= Beginning of Section =
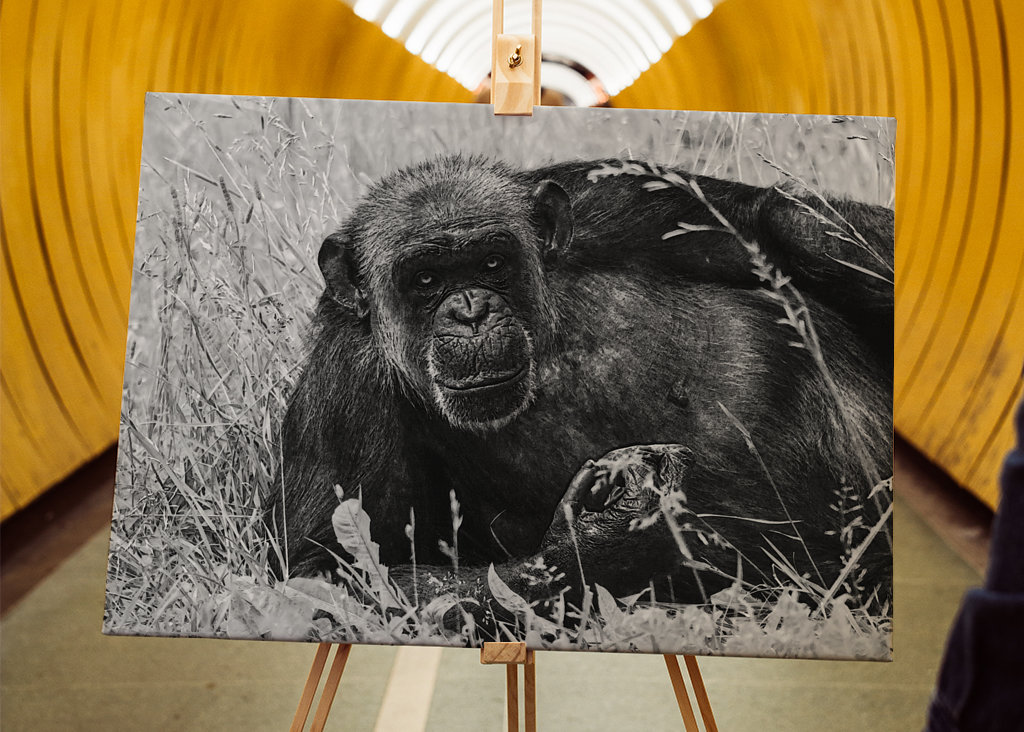 Female Chimpanzee Linda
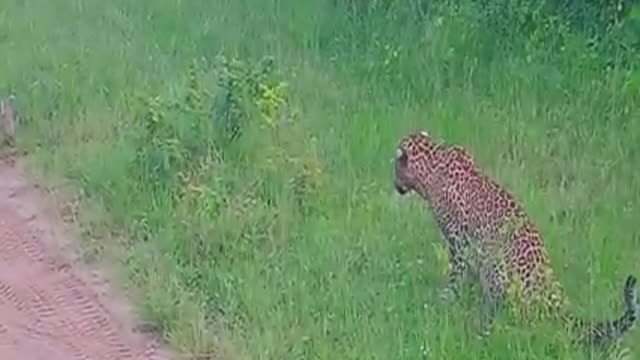 Leopard and cats attack rabbits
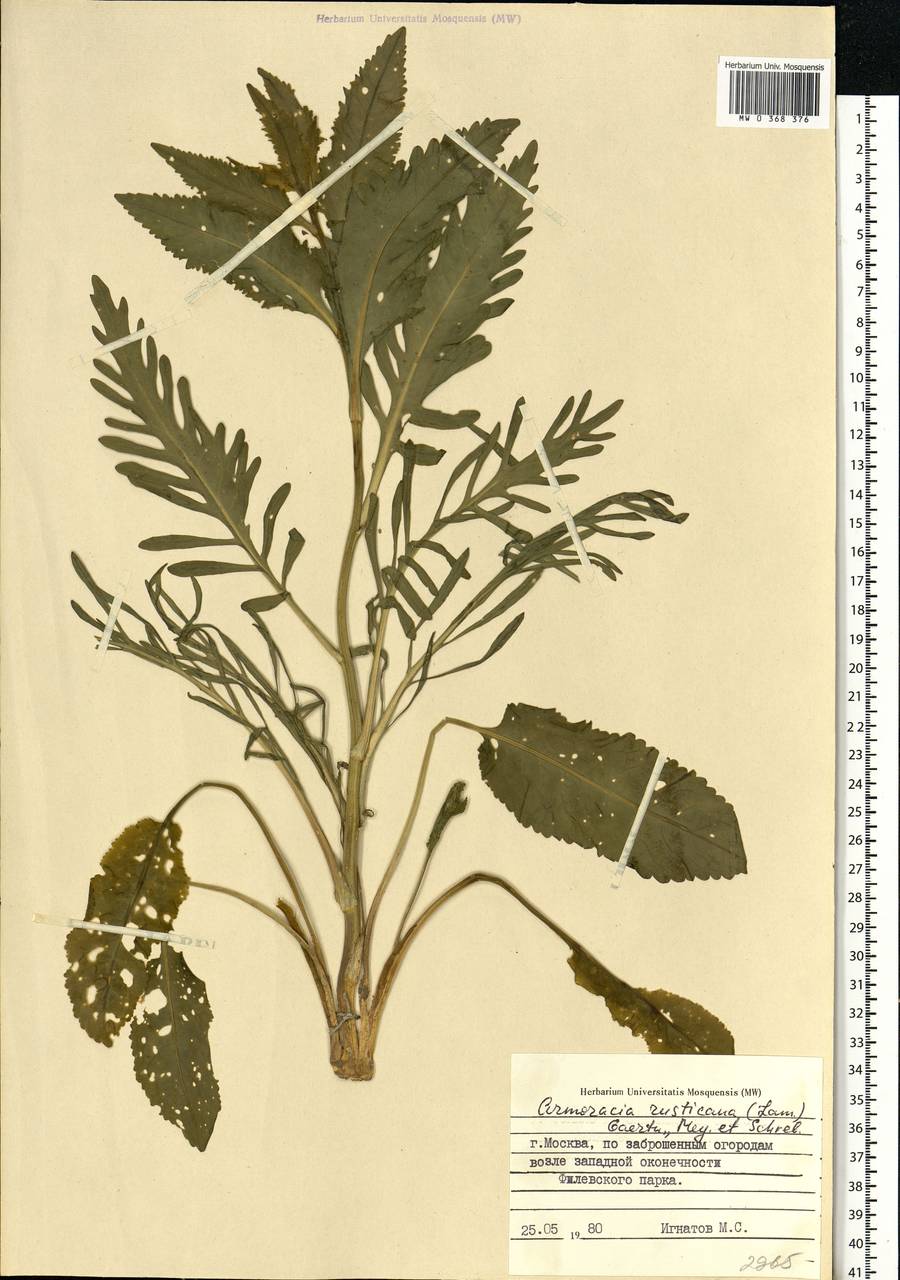 Armoracia rusticana P. Gaertn., B. Mey. & Scherb., Eastern Europe, Moscow region (E4a) (Russia)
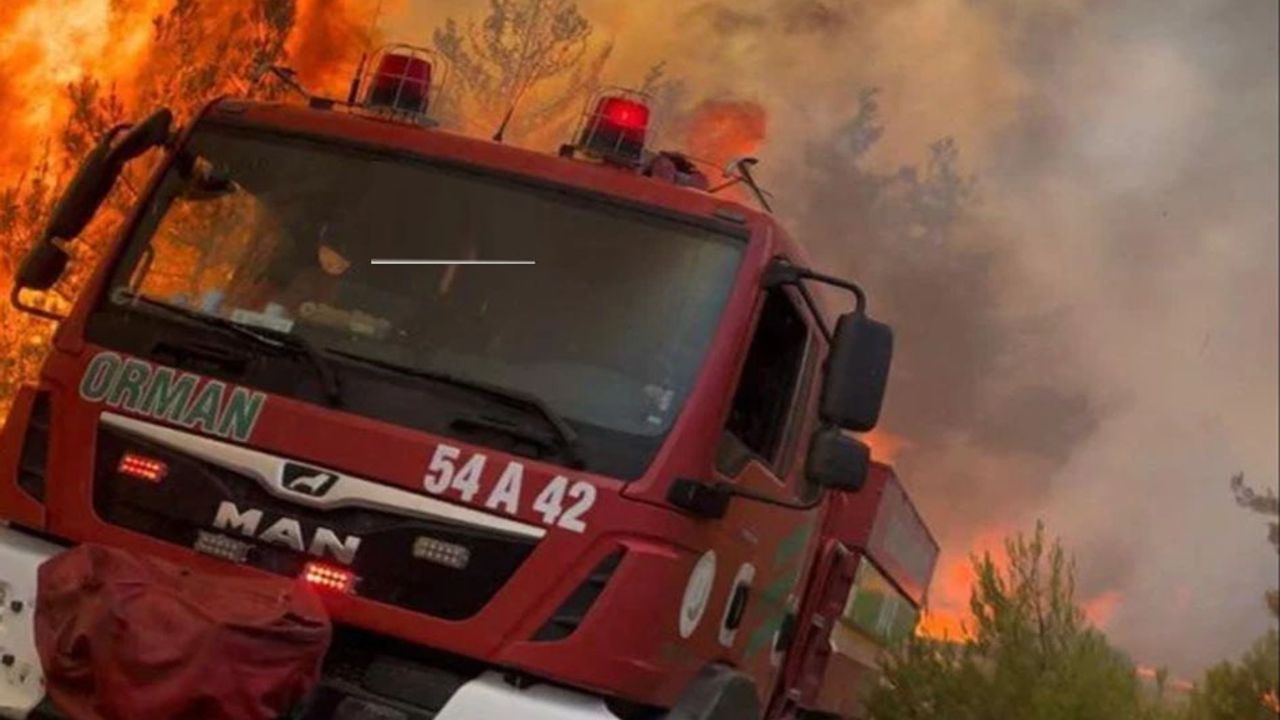 Orman Yangını Ekiplerine Yol Verin: Zaman Hayat Kurtarır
= End of Section =
## Task brief:
Without the images, write out each line of the data verbatim.

## Result for this exercise:
 Female Chimpanzee Linda
 Leopard and cats attack rabbits
 Armoracia rusticana P. Gaertn., B. Mey. & Scherb., Eastern Europe, Moscow region (E4a) (Russia)
 Orman Yangını Ekiplerine Yol Verin: Zaman Hayat Kurtarır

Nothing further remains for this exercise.